If someone strange showed up in your Summerlin or Henderson or Green Valley neighborhood, didn’t go to your church or your temple, didn’t wave hello in the morning, never got Nevada plates on their car, let their pit bull shit on your lawn, watered their own lawn with a hose instead of sprinklers, never finished their backyard, then you could bet the Mormons on the street would make a fuss, put in a call to the HOA. If you kept fucking up, the HOA would eventually call the cops, the cops would bring in the sheriff, sheriff would bring in the marshals, next thing, there would be a standoff, shots fired, and a body being wheeled out of your community draped with a white sheet, and it turns out you’ve got a grow house on the block, not Cartel level, but enough to fill Centennial High School and Bishop Gorman High School with narcotic-quality weed.
Thus, David recognized the need to be prepared. He wasn’t going to be caught slipping again, like when that agent showed up. The national news had already rolled into Las Vegas just to talk shit in light of the Panthers debacle, and eventually some enterprising reporter would realize Panthers was only two blocks from the Wild Horse, whose owner, they’d learn, was Bennie Savone, also a reputed wiseguy, who was arrested on some RICO shit that didn’t stick . . . was currently doing time on the beating of a Nebraska-based dentist . . . and then that reporter and a cameraman would be knocking on the door of the temple to get some background color for their story . . . and, well, that would not do.
Even on a night like tonight, behind the walls of the Vineyards, whose security was tight—Bennie couldn’t live in a place where anyone could walk up to him on the golf course and kill him—David had his butterfly knife in his pocket. If the FBI showed up with an assault team tonight, he recognized he couldn’t kill them all. But if it was just one or two guys, well, he could knife one guy, take his gun, and kill the other guy. He’d done that before. Average room filled with average people, there weren’t many who’d stick around after seeing someone bleed out through the neck or get a knife in the ear—which was a bad way to kill a person, since it was hard to get a knife out of someone’s head—or hear someone screaming when they got their eyes slit in two, which wasn’t fatal, but it was some horror movie shit, the kind of thing David was prepared to do if he needed to get out of a crowded room, fast.

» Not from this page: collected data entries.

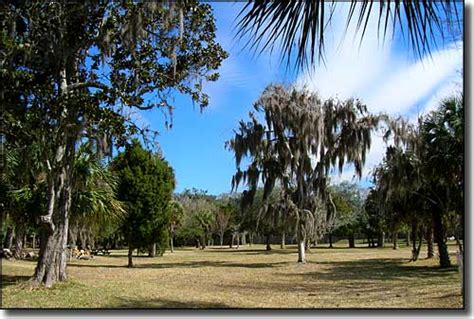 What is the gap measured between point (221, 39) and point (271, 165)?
225 centimetres

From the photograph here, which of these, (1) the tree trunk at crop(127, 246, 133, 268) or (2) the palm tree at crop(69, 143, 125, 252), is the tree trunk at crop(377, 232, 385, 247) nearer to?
(1) the tree trunk at crop(127, 246, 133, 268)

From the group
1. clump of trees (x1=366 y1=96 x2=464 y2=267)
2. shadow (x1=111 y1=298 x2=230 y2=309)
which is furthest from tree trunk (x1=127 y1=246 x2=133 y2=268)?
clump of trees (x1=366 y1=96 x2=464 y2=267)

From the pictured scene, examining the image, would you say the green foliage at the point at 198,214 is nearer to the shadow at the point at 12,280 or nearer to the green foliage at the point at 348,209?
the green foliage at the point at 348,209

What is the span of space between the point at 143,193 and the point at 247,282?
2204 millimetres

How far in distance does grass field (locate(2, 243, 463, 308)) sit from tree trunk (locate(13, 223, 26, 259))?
3.0 inches

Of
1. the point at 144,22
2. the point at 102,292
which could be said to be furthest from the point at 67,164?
the point at 144,22

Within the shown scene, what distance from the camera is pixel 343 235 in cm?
511

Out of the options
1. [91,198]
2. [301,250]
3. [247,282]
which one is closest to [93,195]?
[91,198]

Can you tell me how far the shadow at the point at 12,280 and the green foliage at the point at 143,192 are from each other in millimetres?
1286

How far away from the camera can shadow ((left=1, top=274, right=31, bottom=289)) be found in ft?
13.0

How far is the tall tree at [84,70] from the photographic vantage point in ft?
12.1

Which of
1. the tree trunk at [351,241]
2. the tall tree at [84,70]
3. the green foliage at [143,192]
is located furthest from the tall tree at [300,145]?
the tall tree at [84,70]

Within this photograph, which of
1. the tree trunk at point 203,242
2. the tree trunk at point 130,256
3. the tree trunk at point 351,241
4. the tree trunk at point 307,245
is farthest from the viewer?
the tree trunk at point 203,242

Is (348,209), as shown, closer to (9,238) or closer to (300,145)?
(300,145) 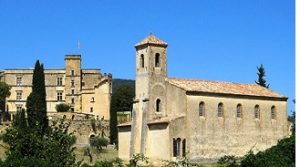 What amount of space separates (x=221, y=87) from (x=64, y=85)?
3880 centimetres

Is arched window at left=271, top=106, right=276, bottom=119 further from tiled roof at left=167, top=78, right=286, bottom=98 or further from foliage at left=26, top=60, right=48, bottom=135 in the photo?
foliage at left=26, top=60, right=48, bottom=135

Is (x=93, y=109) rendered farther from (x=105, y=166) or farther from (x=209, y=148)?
(x=105, y=166)

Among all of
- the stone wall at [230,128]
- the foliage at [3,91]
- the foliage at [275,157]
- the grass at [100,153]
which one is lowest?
the grass at [100,153]

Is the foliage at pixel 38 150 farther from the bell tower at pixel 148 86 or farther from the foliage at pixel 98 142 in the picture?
the foliage at pixel 98 142

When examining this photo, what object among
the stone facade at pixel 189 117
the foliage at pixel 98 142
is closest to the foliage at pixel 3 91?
the foliage at pixel 98 142

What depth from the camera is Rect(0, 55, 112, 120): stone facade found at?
71812 millimetres

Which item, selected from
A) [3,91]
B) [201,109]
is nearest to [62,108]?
[3,91]

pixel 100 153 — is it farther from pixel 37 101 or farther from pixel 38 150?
pixel 38 150

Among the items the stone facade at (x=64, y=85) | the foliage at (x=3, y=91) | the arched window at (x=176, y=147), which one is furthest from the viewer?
the stone facade at (x=64, y=85)

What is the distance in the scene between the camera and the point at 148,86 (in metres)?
37.4

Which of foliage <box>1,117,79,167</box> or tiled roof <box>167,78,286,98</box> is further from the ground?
tiled roof <box>167,78,286,98</box>

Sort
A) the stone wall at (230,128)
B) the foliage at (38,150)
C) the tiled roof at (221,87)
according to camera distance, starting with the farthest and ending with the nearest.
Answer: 1. the tiled roof at (221,87)
2. the stone wall at (230,128)
3. the foliage at (38,150)

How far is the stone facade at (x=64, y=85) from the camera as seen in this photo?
236 ft

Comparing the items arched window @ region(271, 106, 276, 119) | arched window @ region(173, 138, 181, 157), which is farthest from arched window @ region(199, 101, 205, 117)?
arched window @ region(271, 106, 276, 119) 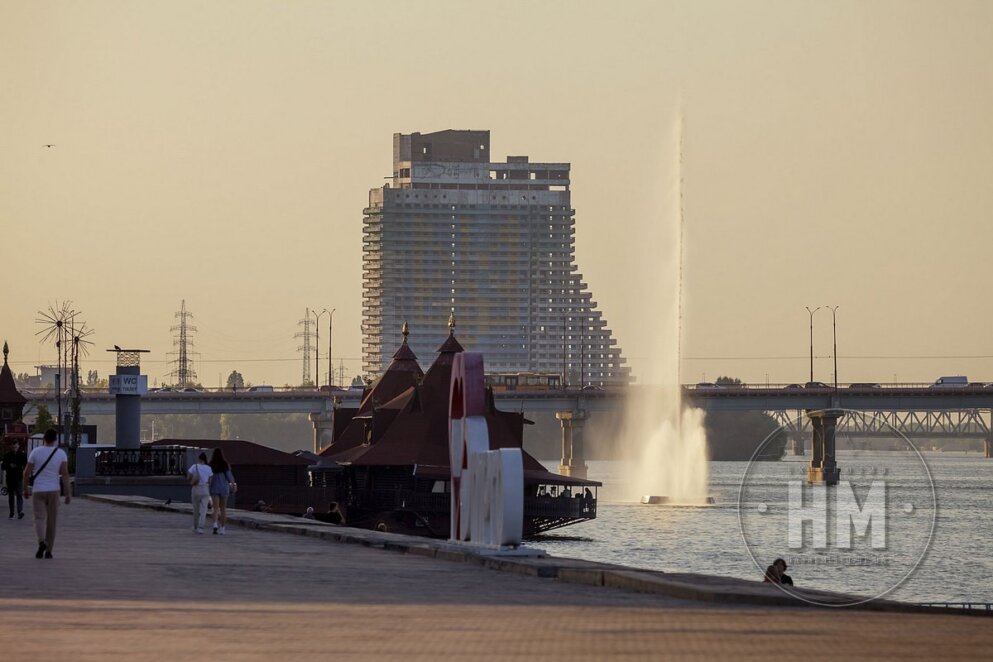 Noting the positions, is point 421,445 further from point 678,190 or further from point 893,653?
point 893,653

He kept a Glock cut into the passenger seat of his Range Rover, easy enough to get to when he was driving, since he never rode with anyone, and not easily found in a cursory flashlight search if he got pulled over, not that Rabbi David Cohen ever got pulled over in Summerlin, but he didn’t keep it on his person out in public. Couldn’t very well be golfing with a city councilman and have his Glock fall out of his bag. Even if everyone in Nevada pretended to have a gun, that whole Wild West ethos a thing in Nevada, David was of the opinion that rabbis couldn’t be Wyatt Earping motherfuckers on the street. Anyway, David knew that most people had no real idea how to use a gun—even cops were scared of killing somebody—unless they were on a shooting range, fitted with noise-suppressing headgear, protective goggles, and ceramic vests. It wasn’t like TV, where everyone was a trained assassin waiting for the right moment to show their disregard for human life.
But David was. That was a difference that mattered.
“I saw that the weathergirl from Channel Thirteen made the show,” Bennie said now. “Jordan still sleeping with her?”
“I don’t know,” David said. “He doesn’t confess to me.”
“Any other notables I gotta worry about?”
“The guy from Channel Eight who believes in aliens was in the back, drinking White Russians.”
“That Kenny Rogers–looking guy?”
“Yeah,” David said.
“Like there’s not enough bad shit in the real world? You gotta go searching for worse things in space? Makes no sense to me.”
“It’s entertainment,” David said.
“That’s what worries me.”
David never worried about the local media surprising him, since they came out to the temple somewhat regularly for events—the Kugel Bake Off for Social Justice, the Jewish Book Festival, the annual Hanukkah Carnival and Menorah Lighting event—and besides, they never seemed to be sure whose side they were on when it came to organized crime, only that Mob business was good for everyone’s bottom line.
One day, Harvey B. Curran, the Review-Journal’s Mob gossip columnist, would be insinuating that more trouble was about to come down on local wiseguys, that the feds were massed outside the gates of the Vineyards, had put recording devices into the neighborhood cats, were buying houses in the Scotch 80s, had moles in the gaming board, were running anthropologists around Lake Mead as the water receded, pulling out dead bodies, running DNA, capturing plates out front of Piero’s, strong-arming UPS drivers, bribing maids, everyone about a week away from a major indictment, the whole city about to be tossed up. Nothing anyone could confirm or deny.
The next day, Curran would be going on about what assholes the corporate casino billionaires were, how life was better when the Mob ran the Strip, since at least you knew where you stood with those guys.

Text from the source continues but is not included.